*TASK DESCRIPTION*: With the pictures left out, reproduce exactly the lines running from the line with "Femme Daxon Tunique" to the last line of the material below.

*DATA FOR PROCESSING*:
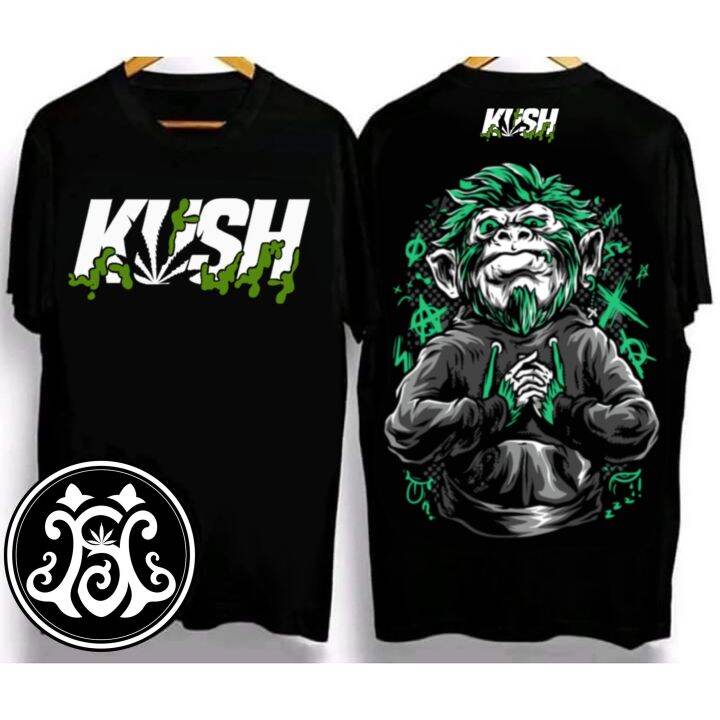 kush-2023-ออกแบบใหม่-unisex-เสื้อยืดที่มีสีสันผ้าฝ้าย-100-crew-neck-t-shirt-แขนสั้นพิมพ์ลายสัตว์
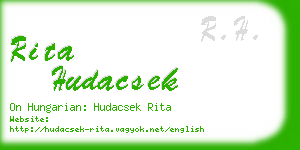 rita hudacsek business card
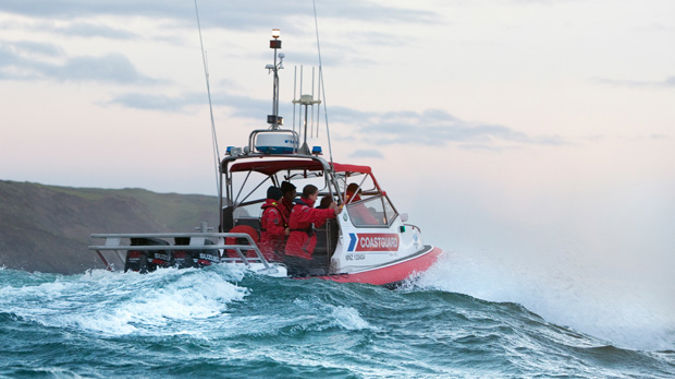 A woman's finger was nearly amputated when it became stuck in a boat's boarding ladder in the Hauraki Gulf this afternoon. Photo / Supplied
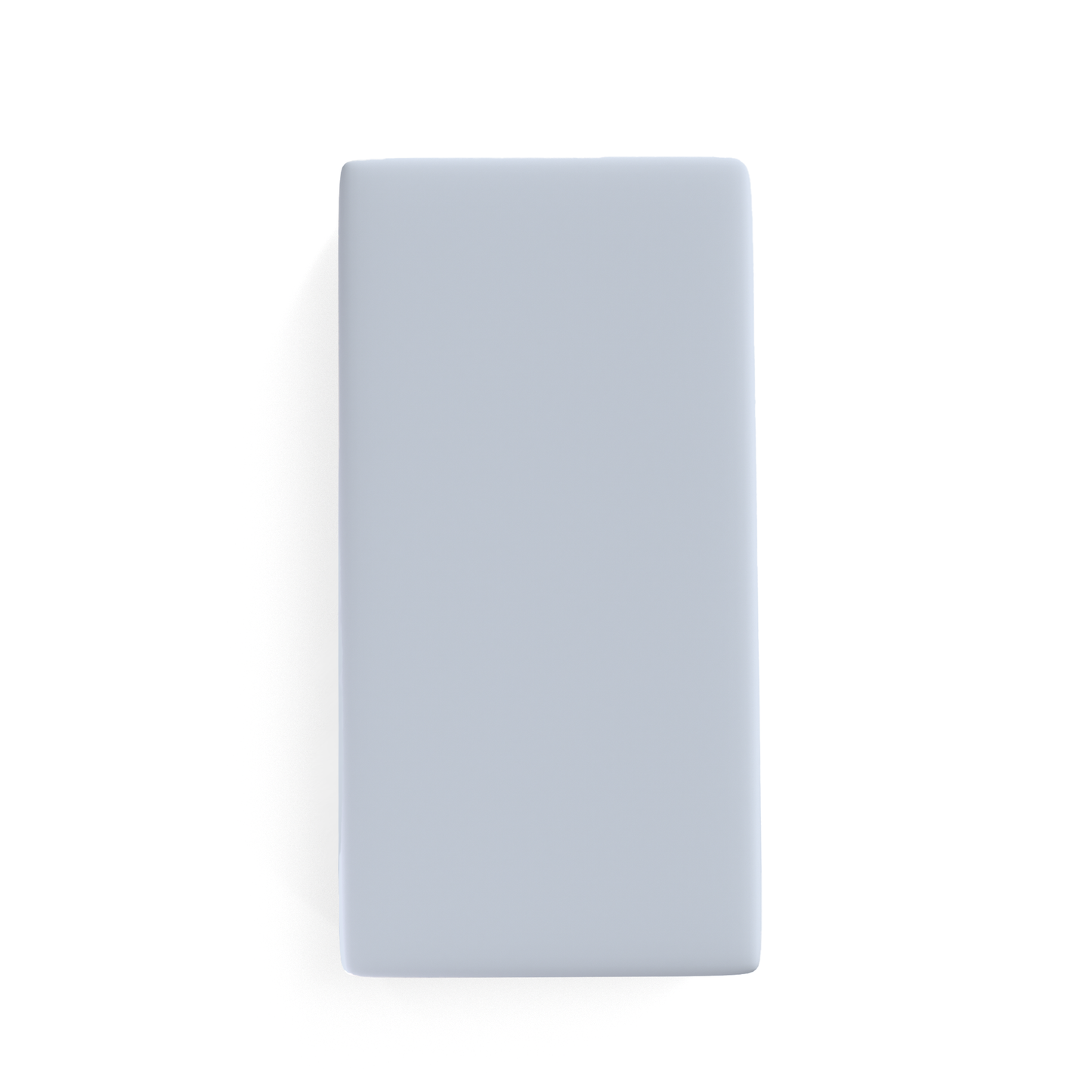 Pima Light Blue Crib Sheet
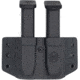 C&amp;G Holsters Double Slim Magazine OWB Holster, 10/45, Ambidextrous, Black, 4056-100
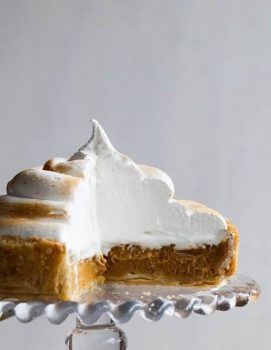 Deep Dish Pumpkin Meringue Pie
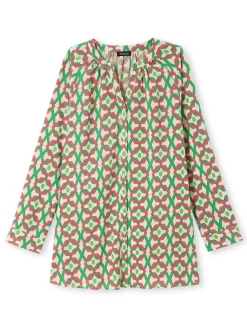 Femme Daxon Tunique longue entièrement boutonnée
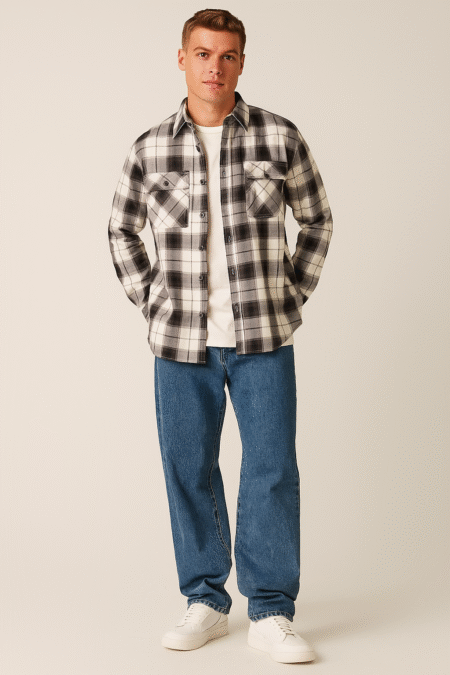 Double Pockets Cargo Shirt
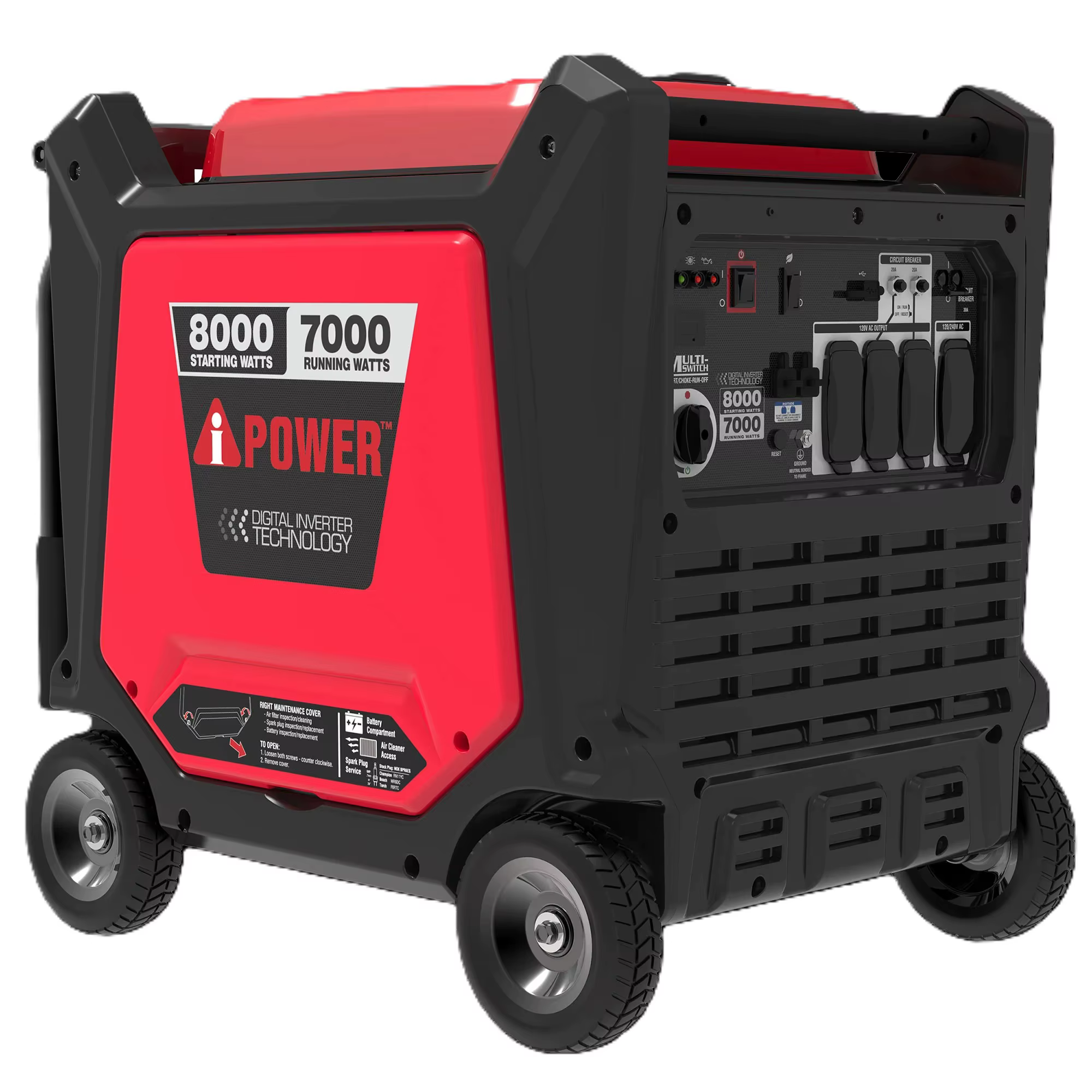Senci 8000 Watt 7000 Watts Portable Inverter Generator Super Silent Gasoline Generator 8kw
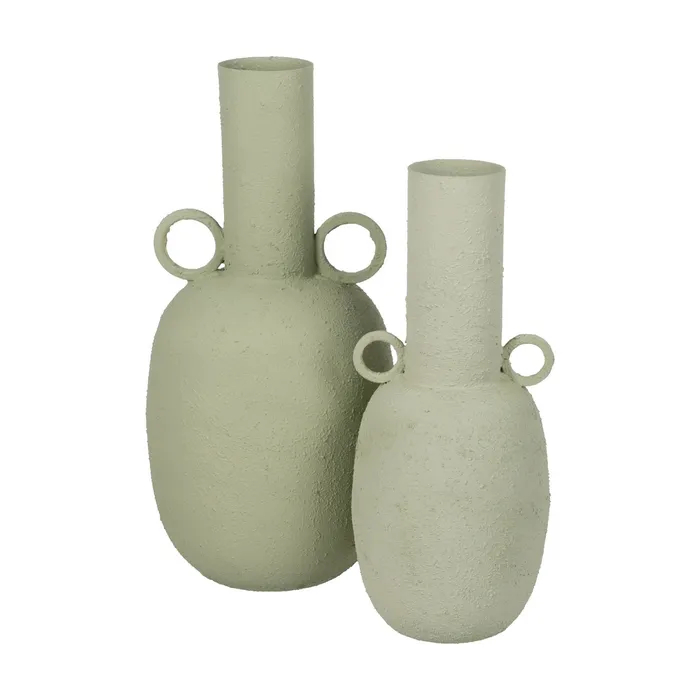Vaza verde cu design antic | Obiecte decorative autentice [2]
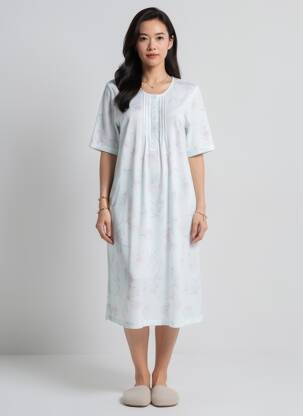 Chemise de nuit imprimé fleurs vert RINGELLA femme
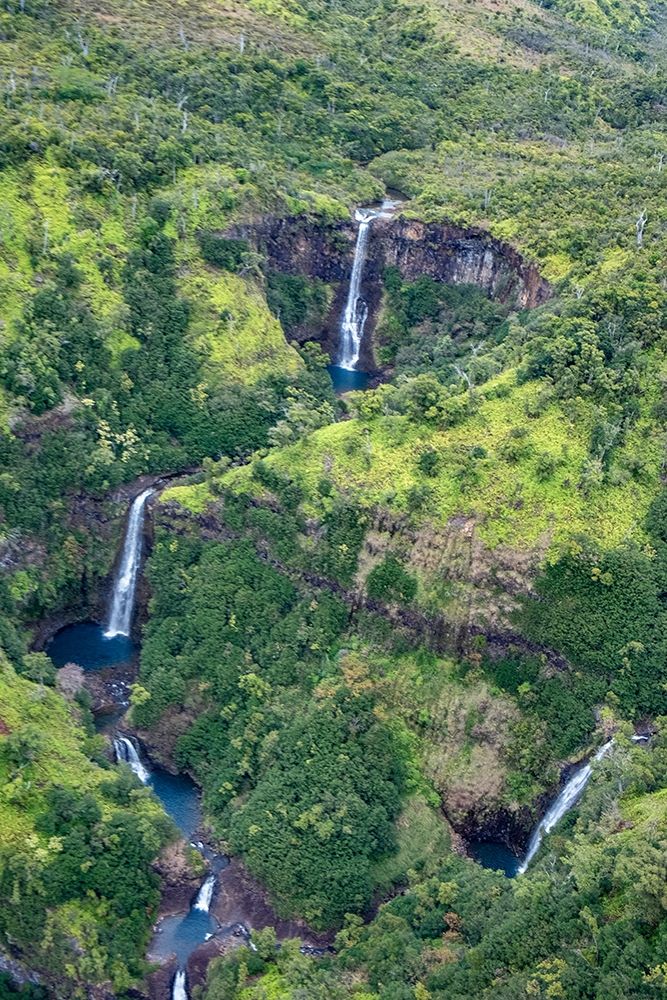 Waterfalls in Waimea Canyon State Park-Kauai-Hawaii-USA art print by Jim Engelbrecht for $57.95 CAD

*ANSWER*:
 Femme Daxon Tunique longue entièrement boutonnée
 Double Pockets Cargo Shirt
Senci 8000 Watt 7000 Watts Portable Inverter Generator Super Silent Gasoline Generator 8kw
Vaza verde cu design antic | Obiecte decorative autentice [2]
 Chemise de nuit imprimé fleurs vert RINGELLA femme
 Waterfalls in Waimea Canyon State Park-Kauai-Hawaii-USA art print by Jim Engelbrecht for $57.95 CAD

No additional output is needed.